A pack of nine starships--one for each of the three factions and three specializations--can go for 90 to 120 dollars. There’s no cap on how much you can buy, no limit to what you can convince yourself you need. Twenty dollars for a replica of the Galaxy-class interior, four dollars for an exotic Tribble, 25 for a Tier 5 ship or 30 for Tier 6 (buy three at once and save twenty dollars! A ninety dollar value, yours for sixty! I could almost hear the Billy Mays voice).

As Jim Sterling recently observed while discussing the 60 USD price point of AAA games, that money now constitutes the cost of admission rather than the purchase of a complete experience. There is a “tall tail” of buying potential available to players now, where 60 dollars becomes 120 or 250 or 500 or even 1,000 over months of play because of everything being put in front of you in an online bazaar. 


Japan's game developers faced government regulation of in-game gambling after they refused to self-regulate. In 2012, the Consumer Affairs Agency outlawed virtual games of chance. Devs had to remove "complete gacha" systems from their games.

It may not be gambling per se, by even the most futurist of definitions, but it should raise serious ethical questions about what studios are trying to make players do, if this isn’t just a bit of shady hucksterism. Even if what players are buying has no value outside of the game, and exists only as 1s and 0s.

***

We come back to the bugbear of every ethical discussion about the virtual world, then. “It’s not real, so we don’t need rules.” It was a lie when it was about online harassment, and it’s a lie when discussing whether or not these microtransactions are a form of gambling. The terms of socializing are indeed different from that of the physical world, but it involves things that are real enough to the participants. The consequences of words and deeds in virtual worlds have always been real. This is no different.
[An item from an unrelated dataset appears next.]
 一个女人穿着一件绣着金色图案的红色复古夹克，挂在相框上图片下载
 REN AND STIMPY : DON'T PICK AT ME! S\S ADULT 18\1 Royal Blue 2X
At the end of his Eurogamer article, Yin-Poole notes that his nephew horrified his family by spending £300 on FIFA coins. He’s 11. A top comment on his article went one better:

I’m a primary school teacher. The incident with your nephew is not an outlier at all. I know of at least a half dozen incidents of similar scale over the past couple of years in our school. One went to €900 and had a very detrimental effect to the family involved.

The world’s governments aren’t tabling legislation yet. But we’re already at a crisis point. This is real. Maybe players don’t, technically, have to buy anything; but the industry needs to do something.
 

Katherine Cross is a Ph.D student in sociology who researches anti-social behavior online, and a gaming critic whose work has appeared in numerous publications.